Amazon DynamoDB is a fully managed NoSQL database service designed to automatically scale tables to adjust for capacity and maintain high performance. It does all that while the business can focus on innovation without using important resources on managing the database infrastructure. There is no need for installing, operating, or maintaining database software or managing servers for scalability and availability.
While AWS does the heavy lifting to support DynamoDB, developers do need to be mindful when modeling data for this service, so today we are sharing the best practices to maximize its performance and minimize the costs. Since DynamoDB is a NoSQL database, you will find the first three tips that focus on working efficiently with the database type itself.
1. Query and Scan
- Avoid full table scans – Optimize your searches in a way that utilizes query operation as much as possible. These operations are restricted to a specified partition key while the scan operation scans the entire table item by item.
- Use ‘Parallel Scan’ for big datasets – If you want to increase the speed of your scans for huge datasets, try using Parallel Scan which divides the table into segments and then processes each one of them simultaneously. Be aware of its high-capacity demand and potential throttling in case of misuse.
- The locality of reference – Keep related items as close as possible in your NoSQL database because it will improve performance and decrease costs. This is one of the most important factors when it comes to decreasing response times.
- Store hot and cold Data in different tables – Frequency of data access should be your guide when making tables. For example, you can consider separating time series data into different tables and separating the frequently accessed data in a table different from the old data. This builds upon the principle of Locality of reference but can also serve as a deciding factor for which tables to assign high read-to-write rates to. This will ensure efficient use of provision capacity and minimize the chances of throttling.
- Avoid Hot Keys – To scale across multiple instances, DynamoDB partitions your data and uses a partition key as a part of the primary keys. These partition keys indicate the instance which should store the particular piece of data. A hotkey is referred to as a partition key that receives significantly more traffic than the other keys in your DynamoDB table. This might lead to going over the I/O capacity and cause throttling. When designing data keys, make sure to distribute traffic uniformly across partitions and choose them wisely.
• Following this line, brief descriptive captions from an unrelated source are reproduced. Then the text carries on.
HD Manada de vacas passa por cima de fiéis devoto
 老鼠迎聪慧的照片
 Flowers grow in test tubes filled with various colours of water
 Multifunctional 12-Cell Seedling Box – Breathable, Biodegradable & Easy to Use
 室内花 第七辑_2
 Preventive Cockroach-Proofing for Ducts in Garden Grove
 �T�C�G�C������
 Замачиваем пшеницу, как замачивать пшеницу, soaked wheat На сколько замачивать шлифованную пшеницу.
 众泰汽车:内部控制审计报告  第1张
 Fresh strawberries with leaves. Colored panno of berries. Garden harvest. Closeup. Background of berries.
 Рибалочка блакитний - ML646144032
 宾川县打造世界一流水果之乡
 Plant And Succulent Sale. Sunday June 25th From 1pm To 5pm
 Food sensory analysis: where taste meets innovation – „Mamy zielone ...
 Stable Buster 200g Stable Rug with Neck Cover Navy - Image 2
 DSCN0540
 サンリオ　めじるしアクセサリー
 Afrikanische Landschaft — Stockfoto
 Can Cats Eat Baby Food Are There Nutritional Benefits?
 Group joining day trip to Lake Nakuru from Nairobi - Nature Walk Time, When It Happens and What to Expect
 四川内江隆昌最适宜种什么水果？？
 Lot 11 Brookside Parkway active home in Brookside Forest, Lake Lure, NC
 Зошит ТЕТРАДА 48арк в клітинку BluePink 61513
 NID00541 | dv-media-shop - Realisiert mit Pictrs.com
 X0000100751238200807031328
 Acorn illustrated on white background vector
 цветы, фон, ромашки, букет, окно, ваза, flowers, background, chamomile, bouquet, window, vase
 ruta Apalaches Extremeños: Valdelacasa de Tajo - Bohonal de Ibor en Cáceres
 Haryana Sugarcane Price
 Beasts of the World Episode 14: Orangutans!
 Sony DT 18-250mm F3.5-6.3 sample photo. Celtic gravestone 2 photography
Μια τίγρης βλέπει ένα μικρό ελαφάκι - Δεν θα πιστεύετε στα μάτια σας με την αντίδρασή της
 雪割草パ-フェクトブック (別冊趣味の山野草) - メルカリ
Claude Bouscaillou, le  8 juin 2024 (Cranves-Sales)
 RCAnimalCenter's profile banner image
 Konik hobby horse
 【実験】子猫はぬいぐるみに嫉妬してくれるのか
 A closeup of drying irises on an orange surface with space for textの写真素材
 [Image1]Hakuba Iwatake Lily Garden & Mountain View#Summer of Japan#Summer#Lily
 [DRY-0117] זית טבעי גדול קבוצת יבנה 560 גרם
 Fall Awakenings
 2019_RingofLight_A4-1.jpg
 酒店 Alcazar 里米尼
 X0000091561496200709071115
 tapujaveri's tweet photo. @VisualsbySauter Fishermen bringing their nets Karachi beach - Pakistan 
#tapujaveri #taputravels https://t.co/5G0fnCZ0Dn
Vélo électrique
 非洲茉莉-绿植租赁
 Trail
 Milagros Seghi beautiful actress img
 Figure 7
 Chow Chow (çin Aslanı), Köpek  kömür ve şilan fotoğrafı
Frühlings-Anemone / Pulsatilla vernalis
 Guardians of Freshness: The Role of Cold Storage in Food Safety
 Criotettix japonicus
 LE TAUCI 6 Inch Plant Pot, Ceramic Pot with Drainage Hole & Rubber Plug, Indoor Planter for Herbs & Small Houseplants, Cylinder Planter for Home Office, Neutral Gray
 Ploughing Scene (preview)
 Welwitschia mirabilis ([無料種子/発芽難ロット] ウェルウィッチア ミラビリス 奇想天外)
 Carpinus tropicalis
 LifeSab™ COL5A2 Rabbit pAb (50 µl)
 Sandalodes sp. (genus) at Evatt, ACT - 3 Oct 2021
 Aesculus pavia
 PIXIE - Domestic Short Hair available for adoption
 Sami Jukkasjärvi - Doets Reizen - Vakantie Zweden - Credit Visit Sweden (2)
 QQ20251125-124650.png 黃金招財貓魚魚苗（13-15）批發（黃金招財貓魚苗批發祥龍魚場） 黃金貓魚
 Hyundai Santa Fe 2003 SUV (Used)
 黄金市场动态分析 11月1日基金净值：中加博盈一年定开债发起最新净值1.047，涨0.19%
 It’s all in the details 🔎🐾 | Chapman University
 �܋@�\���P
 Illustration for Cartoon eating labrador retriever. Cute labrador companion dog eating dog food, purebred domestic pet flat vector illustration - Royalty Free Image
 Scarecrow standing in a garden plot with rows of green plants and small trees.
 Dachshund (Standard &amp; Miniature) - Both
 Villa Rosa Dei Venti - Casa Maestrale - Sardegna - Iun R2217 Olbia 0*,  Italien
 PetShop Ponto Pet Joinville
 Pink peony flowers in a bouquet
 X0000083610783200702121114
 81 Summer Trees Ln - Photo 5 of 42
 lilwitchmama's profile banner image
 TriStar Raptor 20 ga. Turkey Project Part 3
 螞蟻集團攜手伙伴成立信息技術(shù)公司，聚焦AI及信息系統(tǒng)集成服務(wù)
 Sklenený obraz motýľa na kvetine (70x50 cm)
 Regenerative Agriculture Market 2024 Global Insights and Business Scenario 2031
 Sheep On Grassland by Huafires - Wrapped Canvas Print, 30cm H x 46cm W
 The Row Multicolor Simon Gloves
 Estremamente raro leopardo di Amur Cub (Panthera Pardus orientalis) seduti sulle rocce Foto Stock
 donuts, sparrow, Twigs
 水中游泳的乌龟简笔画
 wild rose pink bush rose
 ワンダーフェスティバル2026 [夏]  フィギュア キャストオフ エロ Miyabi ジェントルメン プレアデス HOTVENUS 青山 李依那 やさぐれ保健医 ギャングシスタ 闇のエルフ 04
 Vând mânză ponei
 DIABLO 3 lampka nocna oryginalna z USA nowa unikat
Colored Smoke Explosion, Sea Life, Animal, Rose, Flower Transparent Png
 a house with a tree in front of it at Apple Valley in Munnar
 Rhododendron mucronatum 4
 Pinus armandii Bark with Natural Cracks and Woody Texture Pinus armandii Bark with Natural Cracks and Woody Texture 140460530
Large attributes with large names can slow down the process. When dealing with large attributes, either compress them using common algorithms like GZIP or store them in an Amazon S3 bucket and its S3 object identifier in the DynamoDB item. Also, use abbreviations or shorter names wherever possible.
4. Identify Traffic Patterns using On-Demand Mode
DynamoDB has two modes for setting up a required capacity. First is the provisioned mode, where you specify the amount of reading capacity and write capacity units you want available for your tables in advance. Second is the on-demand mode. If you do not know your traffic patterns and are yet to establish an idea of your need, this is the mode to go for. Our suggestion is always to go for on-demand, understand your real requirement, and then switch to provisioned once you know the numbers.
5. Use Cache for Read-Heavy Workloads
Read-heavy workloads or frequently accessed items can constitute most of your capacity. This is why you should practice the use of caching. It has the ability to get your DynamoDB costs down by up to 80% by reducing the number of calls made to your table. This not only reduces the cost, it even increases the performance of your table by reducing the traffic.
6. Use IAM to Enforce Restrictions
IAM has several benefits and almost every section of security, costs, and performance can be taken control of by using this really powerful tool. What we really mean is that IAM policies can be used to control who is allowed to access certain services. In this case, restricting developers and services running expensive scan operations on DynamoDB tables can be helpful to keep your cost in check while ensuring all the resources are being used efficiently for making your business efficient.
7. Use DynamoDB Global Tables for Low Latency Applications
OTT platforms need to deliver content at low latency to as many consumers as possible. The most efficient way of doing this is by bringing the content as close to the user as possible. DynamoDB Global tables work on a similar theory and it automatically replicates data across multiple AWS Regions to deliver content at low latency.